Nel saluto conclusivo alla parrocchia di Fratte, don Fabio disse:

«La visita alle vostre case era un’urgenza pastorale con la Benedizione di Dio e la preghiera. C’era uno stare insieme fino a perdere il senso del tempo; l’evangelizzazione non era solo conoscenza, ma un’esperienza serena e gioiosa. A volte era un condividere momenti di dolore e di lutto familiare o anche momenti di ritrovata guarigione, come san Paolo, il quale piangeva con coloro che piangevano e gioiva con coloro che erano nella gioia. Quello che veramente vale non è quello che si sa o si fa, ma quello che si vive.
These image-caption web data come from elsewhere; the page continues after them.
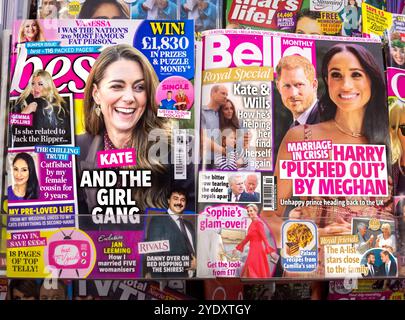 I membri della famiglia reale britannica, tra cui Kate Middleton, Meghan Markle, HRH Prince Harry e Prince William, sono presenti sulla copertina di bella e Best Magazines. Foto Stock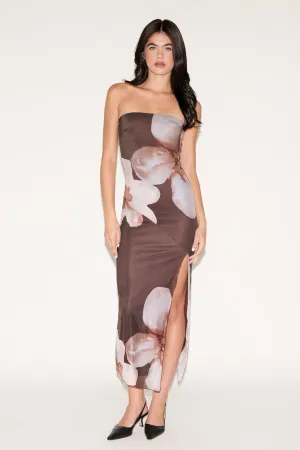 Matte Fabric Fall Outfit STRAPLESS LARGE FLORAL PRINT MIDI DRESS WITH SLIT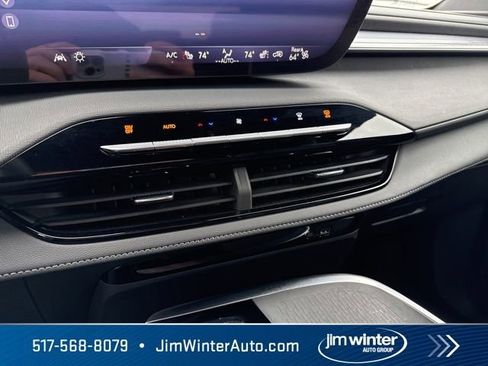 Used 2025 Buick Enclave Sport Touring image 35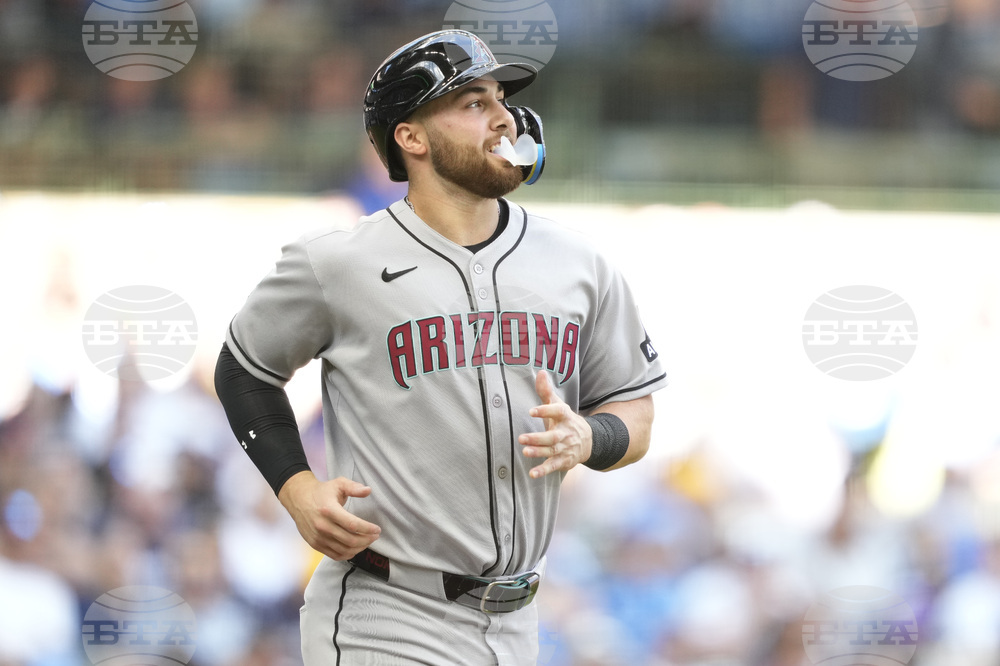 Diamondbacks Brewers Baseball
E la scuola materna, cuore del cuore della famiglia parrocchiale. Non esistono giorni feriali nella nostra scuola materna… solo giorni festivi … sempre festa, allegria, gioia … una primavera di fiori variopinti, profumati, luminosi, i nuovi germogli, le nuove speranze per un mondo diverso e migliore».

E la nostra chiesa parrocchiale? Don Primo Mazzolari diceva: «La Parrocchia è costituita dal cuore della casa del Parroco, dalla chiesa di pietra, dal cuore e dalla casa dei parrocchiani». La nostra chiesa non è solo fatta di pietre, ma è un capolavoro d’arte sacra, bella, luminosa, spaziosa, accogliente, non dispersiva e sempre aperta per l’adorazione, si spalanca alla domenica, Giorno del Signore. Diceva ancora Don Primo: «La domenica è la nostra giornata, non si può immaginare un parroco che non aspetti la domenica e i suoi parrocchiani e dei parrocchiani che non aspettino il loro parroco».
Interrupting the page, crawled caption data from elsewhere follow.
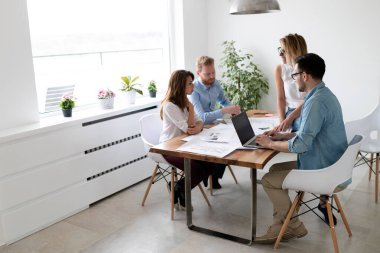 Birlikte çalışan ve beyin fırtınası olan bir grup iş adamı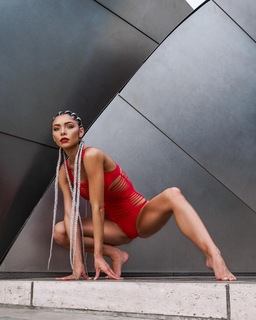 Krisondra Daigneault feet photo thumbnail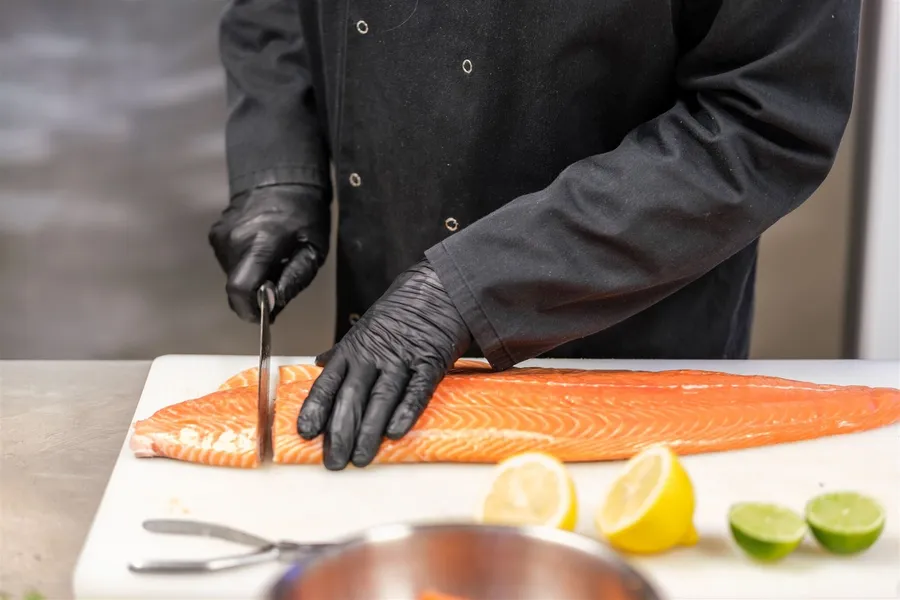 Confectionnez vos rillettes de saumon fumé avec Christian - Image n°1 - Wecandoo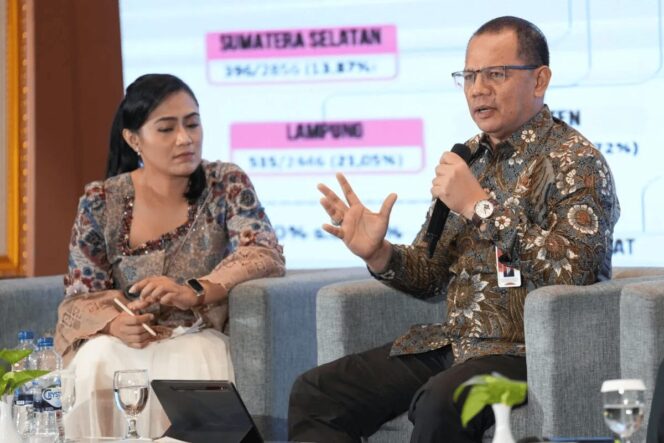 
					Direktur Jenderal Bina Pemerintahan Desa Kemendagri Laode Ahmad Bolombo (kanan) dalam acara Sosialisasi dan Rapat Koordinasi Teknis Integratted Land Administration and Spatial Planning Project (ILASPP) Penegasan Batas Desa dengan Pemerintah Daerah Tahun 2025, di Jakarta, Jumat (21/11/2025). (HO-Kementerian Dalam Negeri RI)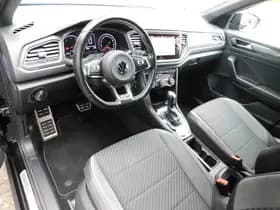 Volkswagen T-Roc thumbnail 2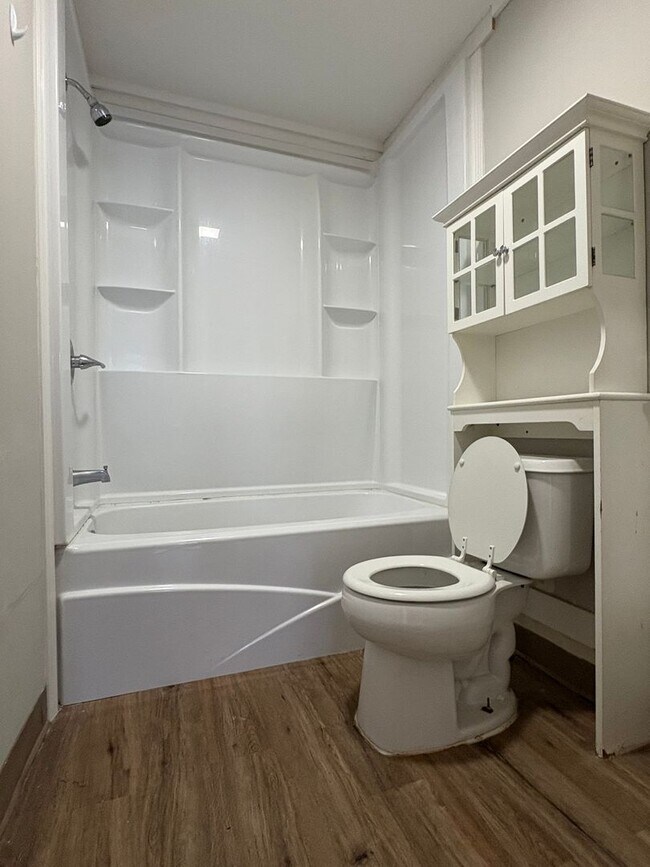 Building Photo - 32 Prospect St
E la visita ad un’altra famiglia più grande, la scuola elementare, gli insegnanti di ieri e di oggi, quelli dell’altro giorno già in pensione, anche a loro siamo riconoscenti e agli alunni di due o tre generazioni. Sento ancora la nostalgia di quei tempi, ma è una nostalgia gioiosa; è sempre stata una festa, momenti di serena letizia cristiana. 
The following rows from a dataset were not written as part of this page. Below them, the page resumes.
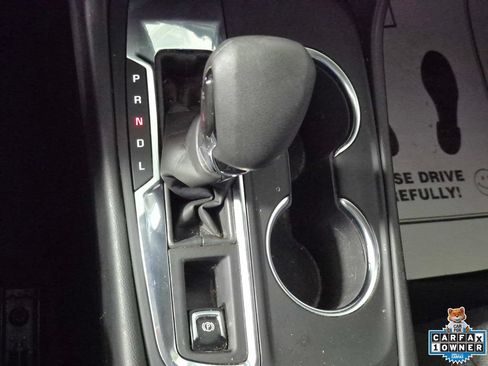 Used 2022 Chevrolet Equinox LT FWD image 17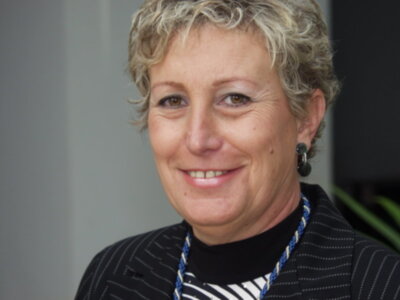 El Ayuntamiento decreta un día de luto oficial en memoria de la ex concejala socialista Esperanza de Fátima Rodríguez(Chipiona)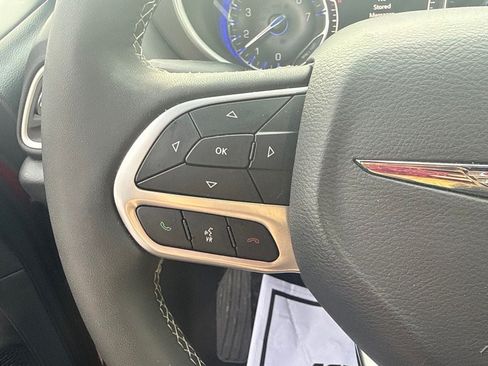 Used 2025 Chrysler Pacifica Select FWD image 25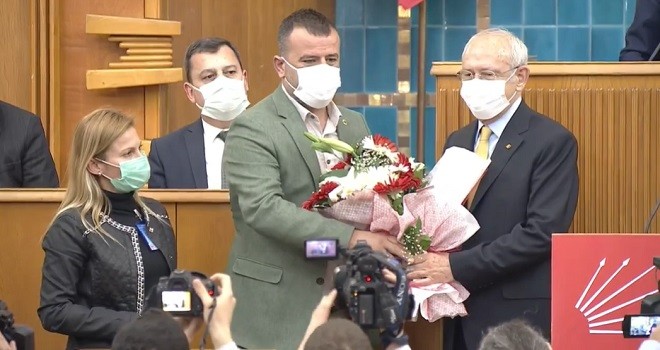 Karşıyakalı Muhtar CHP kürsüsünde!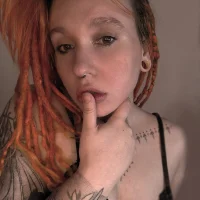 The_Full_Red_Moon's Avatar Pic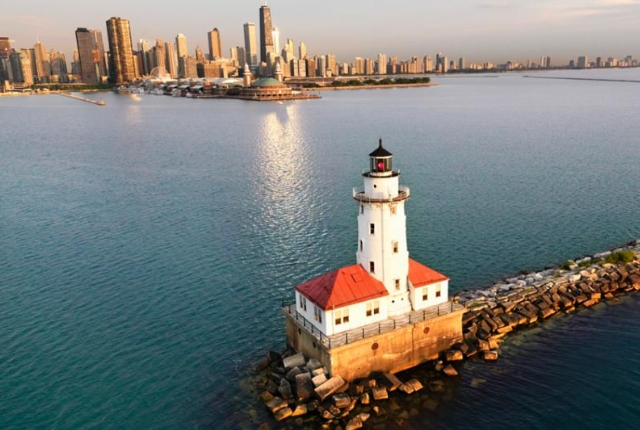 chicago-harbor-lighthouse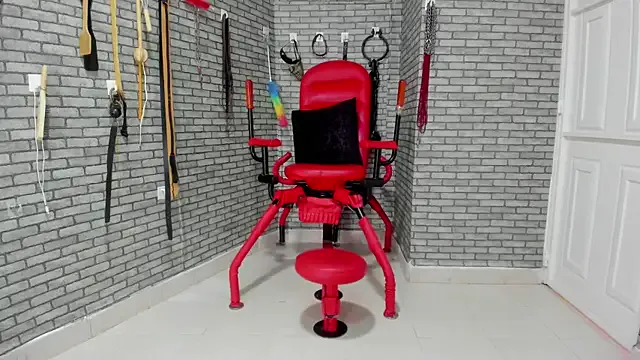 BDSM_MEDUZA on StripChat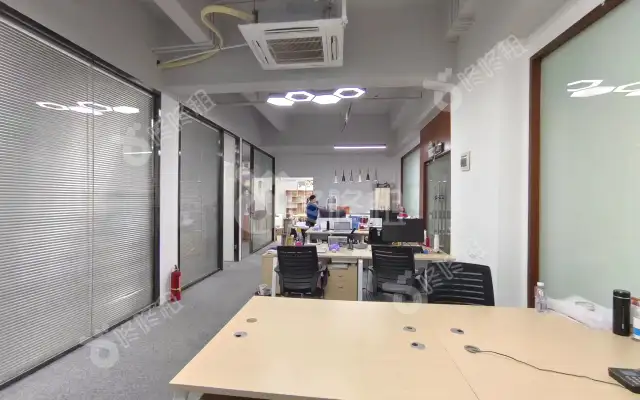 新一代信息产业园_240平米_精装_办公室房源出租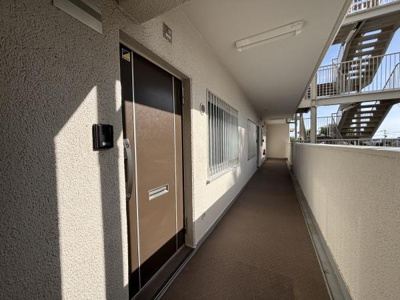 大通り沿いに位置するマンションで周辺には店舗や飲食店が見られます。角地に建ち視界が広がる開放的な立地です。交通量のあるエリアで利便性が感じられます。建物の手入れや管理もしっかりしている様子です。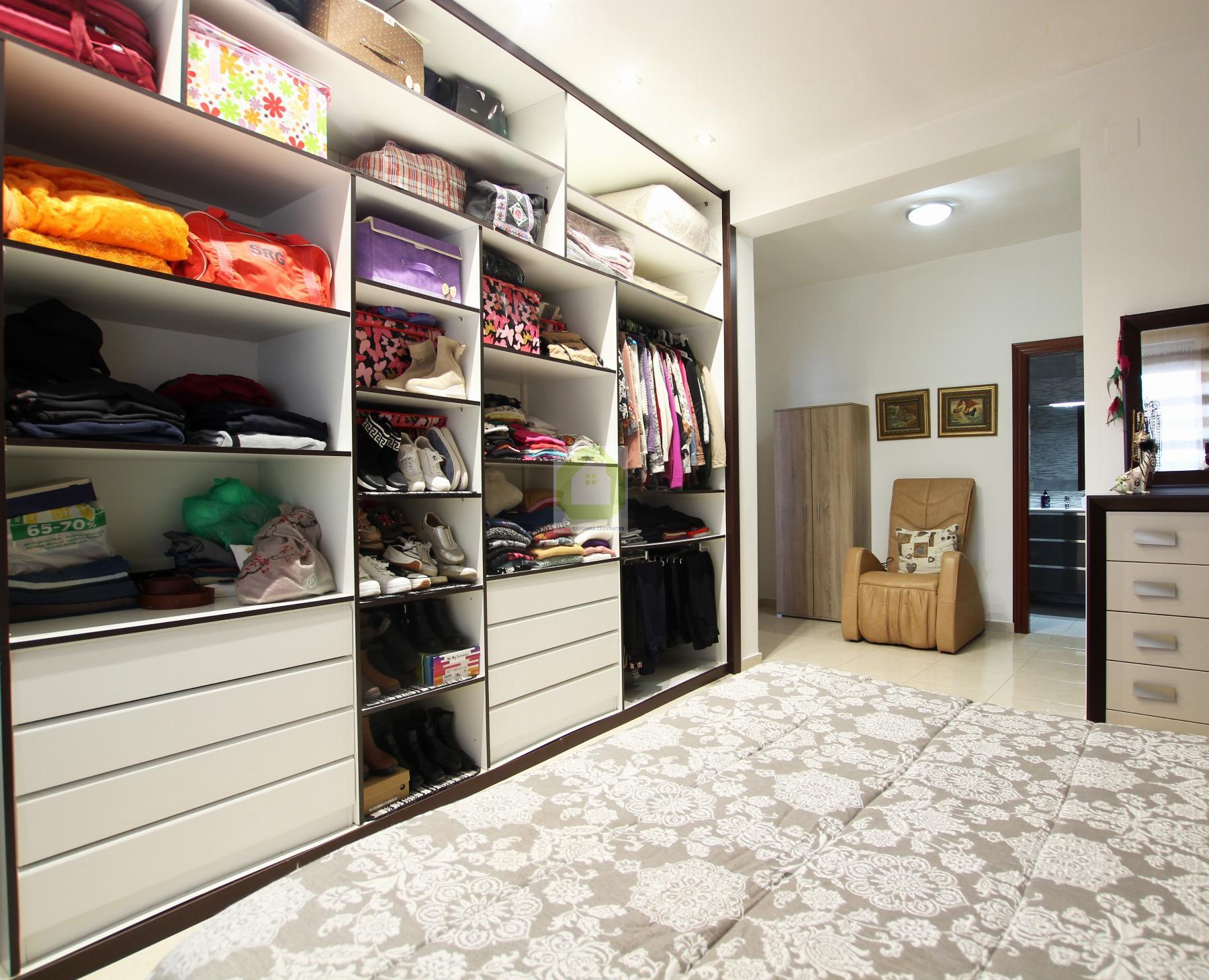 For sale of house in Albolote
Quante volte abbiamo risentito la domanda che Gesù ha fatto ai suoi apostoli e discepoli: «Chi dice la gente chi io sia? E voi chi dite che io sia? Tu sei il Cristo il Figlio del Dio vivente».  Sarà S. Pietro a dirlo per primo e lo dirà fino alla fine dei tempi. E noi quante volte abbiamo riconosciuto in Gesù il Figlio del Dio vivente e abbiamo sentito la gioia d’un Gesù Crocifisso e Risorto: «Il Vivente»! (17.09.2006).

Nel settembre 2002, con la festa del 50° di ordinazione, la comunità gli dedicò le seguenti parole: 

Grazie don Fabio, perché i tuoi 50 anni di sacerdozio ci danno speranza, ci spingono ad avere il coraggio di rischiare la vita per Dio, perché egli è il primo ad essere fedele. Sei un buon prete, perché sei un prete buono, umile, ricco di speranza, capace di guardare al bene che c’è dentro ognuno di noi; colto ma semplice nel parlare, profondamente spirituale nell’agire; ancorato fermamente a ciò che credi, ma aperto al dialogo.

Conclusosi l’incarico di parroco, don Fabio «passò all’altra riva del fiume Vandura», trovando casa nell’abitazione un tempo adibita a uso del cappellano, poi venduta al Comune di Santa Giustina in Colle che vi aveva sistemato due appartamenti. Don Fabio vi poté abitare seguito dalla signora Giulia che per tanto tempo si era presa cura della sua persona, della chiesa e della canonica.

Ancora per la comunità di Fratte sono le parole del Testamento spirituale dove si legge: 

Ringrazio la Provvidenza che ha voluto che stessi qui a Fratte per numerosi anni. Ringrazio tutti voi, carissimi, di avermi voluto bene, tanto bene nonostante i miei limiti e le mie povertà. Grazie perché ci siamo voluti bene come nelle nostre buone famiglie cristiane, anche nel passaggio da una generazione all’altra. Grazie della gioia che mi avete dato facendo il parroco di campagna. Pregate per me quando verrà il momento “di passare all’altra riva”, dal tempo all’eternità.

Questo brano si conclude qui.